Semiotika Dalam Mitologi dan Karya Seni


Fenomena menjilat kekuasaan melampaui batasan mitologi kuno dan terus merajalela dalam era modern. Maka kisah-kisah kuno memberikan paralel yang mencolok dengan realitas sekarang, hal ini demi memberikan wawasan yang mendalam mengenai dinamika politik manusia. 


Dalam konteks ini, mitologi tidak hanya memainkan peran sebagai cermin bagi perilaku manusia, tetapi juga sebagai petunjuk untuk memahami keberlanjutan dan evolusi fenomena tersebut. Dengan mengamati pola-pola dalam mitos, dapat diresapi suatu kompleksitas relasi manusia dengan kekuasaan, dan memahami bagaimana dinamika ini masih relevan di tengah-tengah dinamika politik zaman sekarang.

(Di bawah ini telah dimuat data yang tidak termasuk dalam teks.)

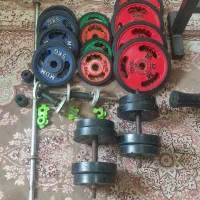 ست کامل بدنسازی + ۷۰ کیلو صفحه وزنه + میز پرس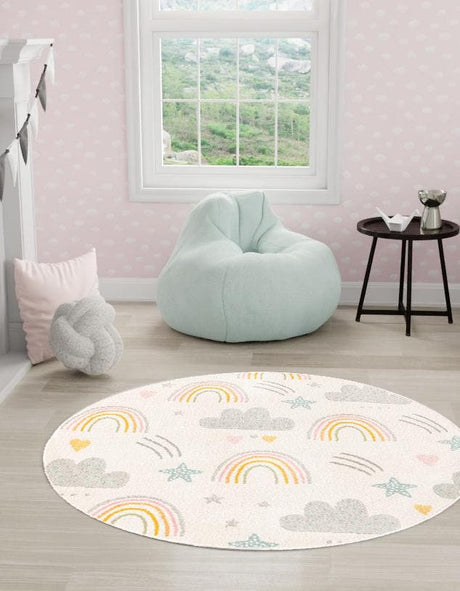 Ivory 3' 3 x 3' 3 Whimsy Kids Round Rug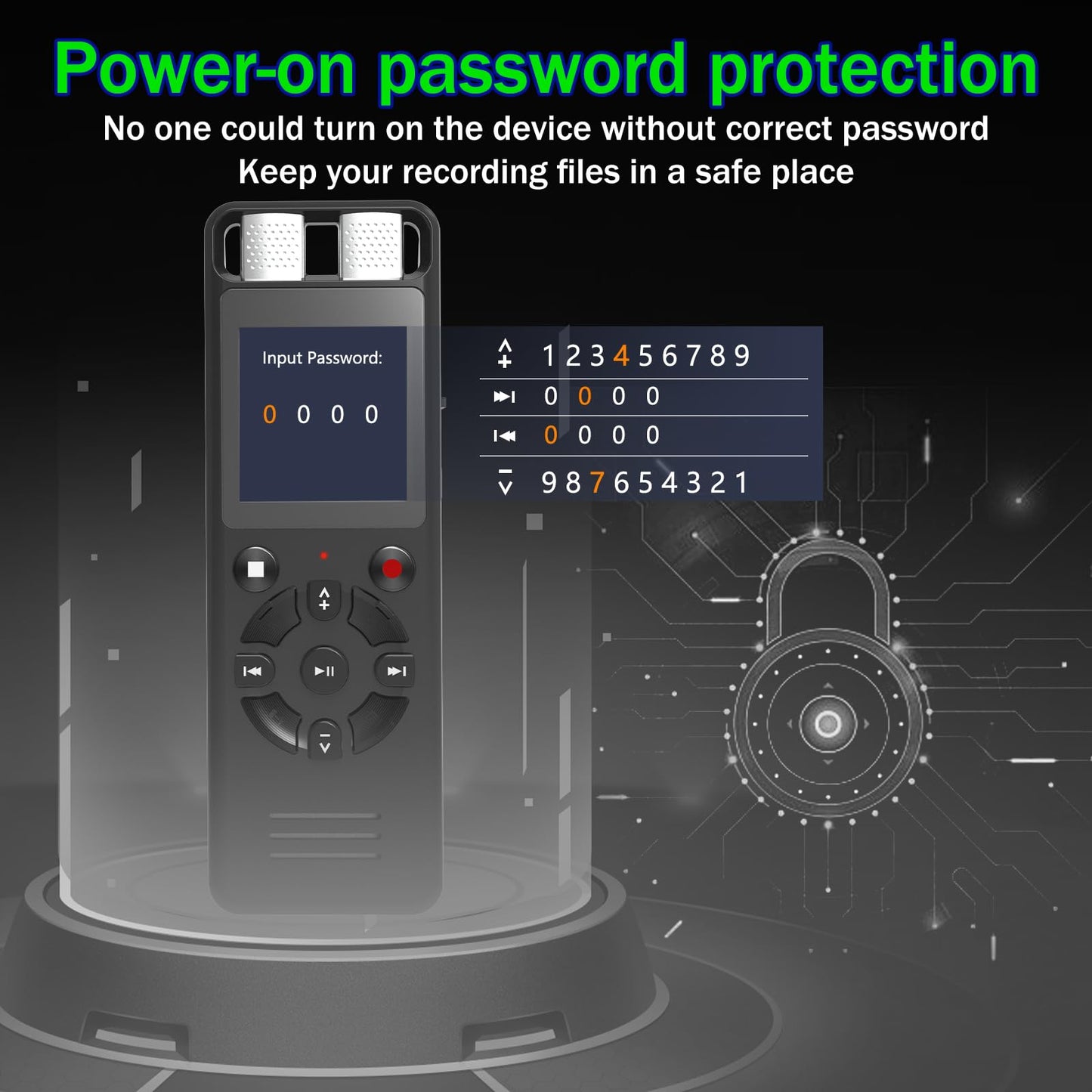 128GB Digital Voice Activated Recorder for Lectures&Meetings,Phone Connected via OTG,9280 Hours Audio Recorder with Tripod Stand,Recording Device with Playback,MP3 Player,Password,Variable Speed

Dari itu menggali lebih dalam warisan mitologi dunia (dan Nusantara), bakal ditemukan mitos-mitos tidak hanya menggambarkan perilaku penjilatan kekuasaan, tetapi juga sering kali menawarkan pelajaran moral yang berharga. Beberapa mitos mengingatkan perkara tentang bahaya kekuasaan tanpa tanggung jawab, sementara yang lain memberikan contoh tentang pentingnya keadilan dan keseimbangan dalam penggunaan kekuasaan. 


Oleh karena itu, mitologi tidak hanya menjadi narasi tentang kebusukan manusia, tetapi juga sumber inspirasi untuk memahami prinsip-prinsip moral yang dapat membentuk tata kelola kekuasaan yang lebih baik. Dari sini mitologi berperan sebagai alat yang memfasilitasi pemahaman terhadap aspek-aspek manusiawi.


Tantangan moral dan konflik kekuasaan, yang diwarisi dari mitologi kuno, meresap ke dalam kehidupan sehari-hari. Dengan menyadari akar historisnya, dapat dipahami bahwa perjuangan melawan penjilat kekuasaan bukanlah pertempuran baru; ini adalah refleksi dari perjalanan sejarah manusia yang panjang. Bersamaan pula tetap menegaskan bahwa tantangan menjilat kekuasaan terus menjadi refleksi yang melekat dalam perjalanan panjang sejarah dan masa kini.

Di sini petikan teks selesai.